Is this order-of-magnitude increase in missile capacity enough for the future? That is debatable, but what cannot be denied is that the CSC is well ahead of the pack of current and in-construction frigates. If they are deemed "obsolescent" by virtue of their VLS count, then so are nearly every other frigate sailing the 21st century seas.

3. Tonnage is an uncertain beast: there is a vast difference nowadays, on the order a thousand tons or more, between a ship's light displacement and its full load displacement. Without knowing which one a given document or media quote is referencing (and I have yet to see one that makes this clear), the difference in displacement growth may well be less than currently assumed.

4. This isn't a point raised by Dr. Middlemiss, but it is always worth remembering the widely varying budgeting methods employed by different countries. Both Australia and Canada employ a program-based budgeting, resulting in the lumping in of infrastructure, ammunition, program management, testing facilities and contingency costs (15-20%!) outside of the actual construction of the ship itself. For navies like ours where only one program is going to make use of all those things, this "all in one" approach certainly makes sense. For larger navies like the US or UK, however, those costs and the things they pay for are used by other projects and ships, making it more useful for them to budget those items as separate programs.
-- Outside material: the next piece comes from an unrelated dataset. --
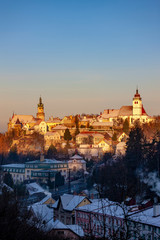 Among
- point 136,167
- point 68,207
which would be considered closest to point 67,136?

While this may seem a dismissive attempt to make mountains out of molehills to excuse the high figures we've been seeing, in actuality the construction costs of the ships themselves are estimated to be around only 65% of the program figures.1 So instead of the ~$60-$70 billion, the number we should be looking at is around $39-46 billion CAD. Converted to USD, that's currently ~$31-36 USD, or $2-2.4 billion USD per ship. This is still a substantial increase over the $1 billion USD Constellation class, but there's no denying the economic benefits of a superpower's supply chain and institutional experience. Furthermore, it should be reminded that these are all *budgeted* costs, which are merely estimates. None of the figures are proven as actual costs for their implementation. And, of course, the lack of spare capacity in the US shipbuilding industry is well-known: to take advantage of their lower costs, we'd have to buy from their yards, and the Americans simply do not have the ability to build ships for both themselves and us unless additional funds are provided to expand their yard capacity, which would eat into any savings from buying abroad.